Levi/Werstler: Tune-Up
Originally published in Guitar World, August 2010
Dååth guitarists Eyal Levi and Emil Werstler stand on their own with Avalanche of Worms.
Record companies don't usually ask artists to form a band. But after Dååth guitarists Eyal Levi and Emil Werstler submitted a track to the 2008 Magna Carta compilation Guitars That Ate My Brain, the label was so impressed that it invited the guitarists to record a full album of instrumentals.
The disc, Avalanche of Worms, is a majestic blend of psychedelic prog-rock, experimental rhythms, haunting melodic embellishments and blazing, classical- and jazz-inspired solos that sounds like Steve Vai on a diet of Mastodon, Opeth, early Yes and Bach. “We wanted to make a record that not only featured great playing but also stood alone as a complete piece of work,” Levi says.
Listening to it, you might think it took months to compose the songs, layer the rhythm and lead guitars, and finesse the tracks.
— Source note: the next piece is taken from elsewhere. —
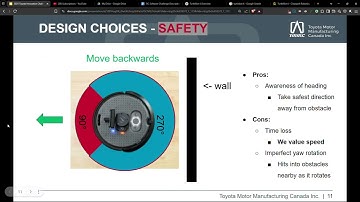 Autonomous Mobile Robots with LiDAR and Computer Vision | TMMC Software Challenge 2025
Amazingly, Levi and Werstler wrote and recorded the entire album in just eight weeks in late 2009. “That’s all the time the label gave us,” Werstler says. “We wrote everything to a metronome, and then we got [Cynic drummer] Sean Reinert to add the drums, which worked out perfectly.” The team was assisted by bassist Kevin Scott and keyboardist Eric Guenther, and the album was mastered by engineer Mark Lewis, whose credits include Trivium and the Black Dahlia Murder.
Despite the circumstances, Levi and Werstler say Avalanche of Worms was the most enjoyable record they’ve ever worked on. “We had a fantastic time,” Werstler says. “We’d literally jam every day on this crazy stuff and just watch it all come together. It was chaos in motion.”